The second element that these different expressions of self-defense share is the identification of an Other—the “outlaws” in the Protection Academy poster—that poses a danger to the self, property, and, by extension, the community. In Strange Encounters, Ahmed (2000: 3) argues that the figure of the stranger is produced “not as that which we fail to recognise, but as that which we have already recognised as ‘a stranger.’” According to this author, the discourse of stranger danger creates the figure of the stranger as some-body that threatens the “purified space of the community” by virtue of its mere presence, and that needs to be expelled for the protection of this common space of belonging (ibid.: 22). For Ahmed, the aspirational moral and social well-being articulated by the community—and enforced by vigilante groups such as Neighborhood Watch—is nothing but a proxy for the maintenance of value and the protection of property in these spaces (ibid.: 27). Within this context, perceptions of safety and risk are mediated by “interpretations of race, class, and visual appearance” (Koskela 2005: 262). These assessments are prompts used by individuals to discriminate between safe and unsafe strangers in everyday encounters in public space, and by communities to determine whose bodies are suspicious and, therefore, should be the target of surveillance and control. As Ahmed (2000: 25) remarks, certain—gendered, raced, and classed—bodies are considered inherently dangerous, as existing relationships of power “mark some others as stranger than other others.” [my emphasis]

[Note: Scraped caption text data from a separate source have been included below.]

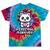 Pixel Art Pet Cat Y2K Retro Vintage Digital Nostalgia Tech Tie-Dye T-Shirts Festival Tie-Dye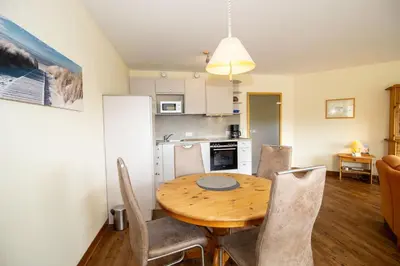 Küche/Küchenzeile in der Unterkunft Kurpark-Residenz 210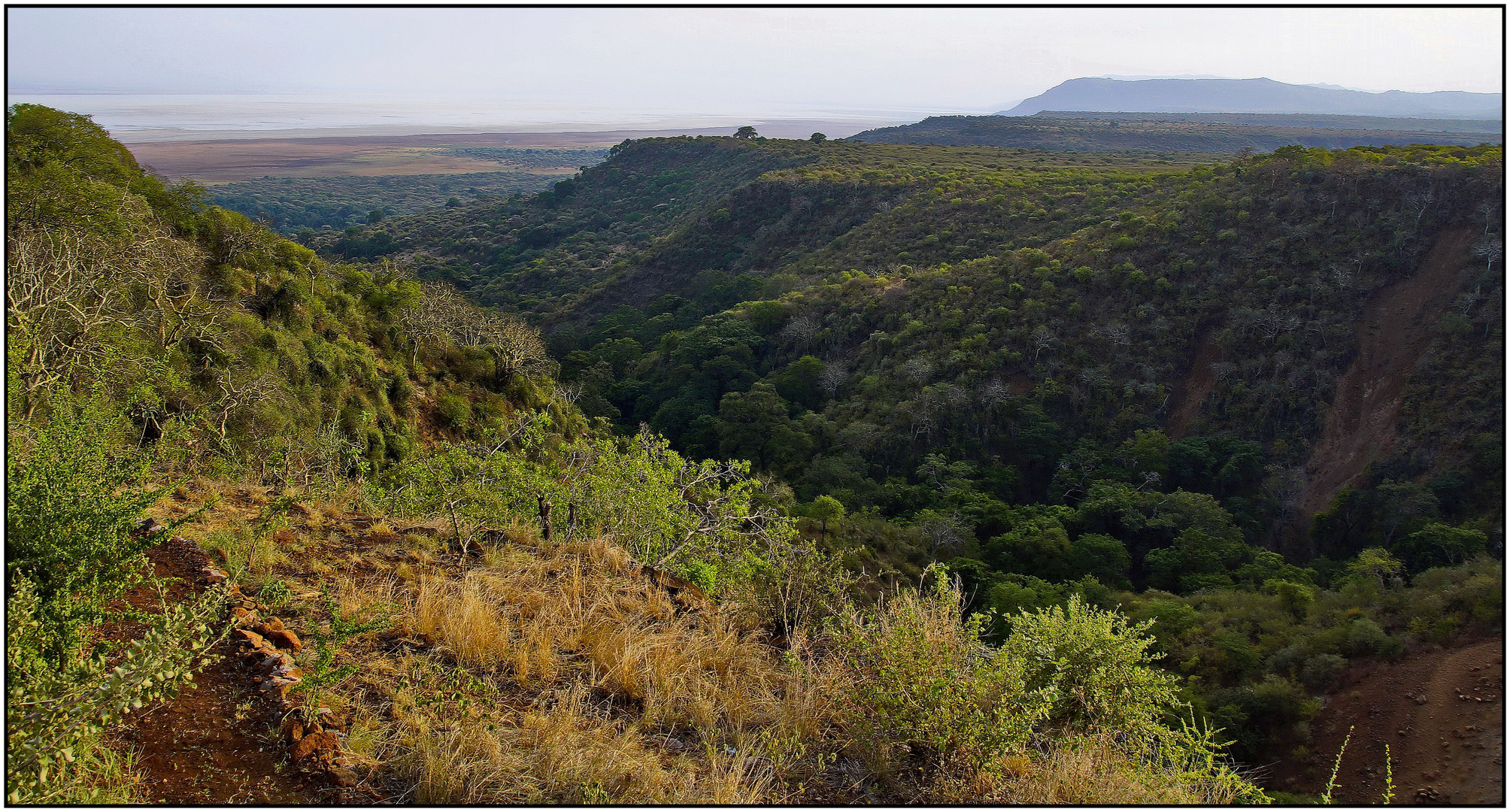 Blick auf den Lake Manyara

In Cairo, this Other has been imagined over the course of the last decades through different figures that coexist with each other. One is the sexual harasser (or mutaḥarrish): identified by early research and activism and popularized by the media as an unemployed, impoverished, young man who cannot afford to get married due to the worsening economic conditions in Egypt, he turns to ogling and groping as an escape valve for his sexual frustration and as a means to “symbolically reclaim [his] masculinity in public” (Peoples 2008: 3).8 By focusing on stranger harassment as the main threat to women’s bodies and honor, this discourse has rendered invisible other—equally pervasive—forms of sexual violence against women that take place in the privacy of the home or the workplace, and are perpetrated by intimates and acquaintances.9 Moreover, the framing of this phenomenon as a problem of lax security by non-governmental organizations (NGOs) has served to justify a heightened securitization of public space and the extension of police brutality against working-class young men (Amar 2011: 318).10
Another figure that feeds anxieties about disorder are the poor masses rising from the informal settlements (or ʿashwāʾiyyāt) and disturbing the “peace of the middle class neighborhoods” (Karawya 2009: 100).11 This fear has been nourished since the mid-2000s by movies like Khaled Youssef’s “Till Things Get Better” and exploited by media and state discourses before the January 25 Revolution.12 In particular, the infiltration of the informal community of Imbaba by the militant Islamist group al-Gamāʿa al-Islāmiyya in the 1990s contributed to the formation of a discourse that marked ʿashwāʾiyyāt as “centers of lawlessness, extremism, crime and poverty” (Bayat and Denis 2000: 197).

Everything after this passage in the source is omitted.